Your senior dog might be less willing to get off the couch than before, but he still needs new experiences to enrich his daily life and keep his brain active.
The latest way to connect with dogs of any age is through touch screen games, and since app games for dogs don’t require much movement, they’re fantastic for senior dogs dealing with aches and pains.
While low-impact games and basic training will always be the best way to connect with your older pooch, occasional screen time is a unique way to have fun together while keeping your dog’s mind sharp.
App Games for Dogs
Not every touch screen game is a fit for our furry friends. The best touch screen games for dogs only require simple taps or nuzzles to play and can be divided into four basic categories:
Creating Art: These apps use nose or paw input on the screen to create one-of-a-kind designs.

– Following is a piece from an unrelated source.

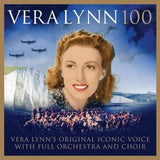 Vera Lynn - 100 (CD)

Noise-Makers: These basic games encourage your dog to touch the screen to make a variety of sounds, like squeaks and animal noises.
Chase: One of the most popular uses of technology for pets, these apps tempt your dog with a scurrying creature that he has to try to catch.
Question and Answer: This straightforward but adorable app allows dogs to “answer” simple questions by touching a yes or no button on the device.
Pet parents looking to entertain their senior pets can also check out apps designed to encourage motor skill development in young children for similar basic touch features.
Before You Begin: Device Safety
Enthusiastic canine gamers can be tough on touch screen devices. Between the eager paws (and claws), slobbery tongues, wet noses and teeth, your tablet might end up worse for wear after your dog goes a few rounds.
When introducing your dog to touch screen games, make sure to use a screen protector, and always keep your device on a flat surface so there’s no risk of it falling.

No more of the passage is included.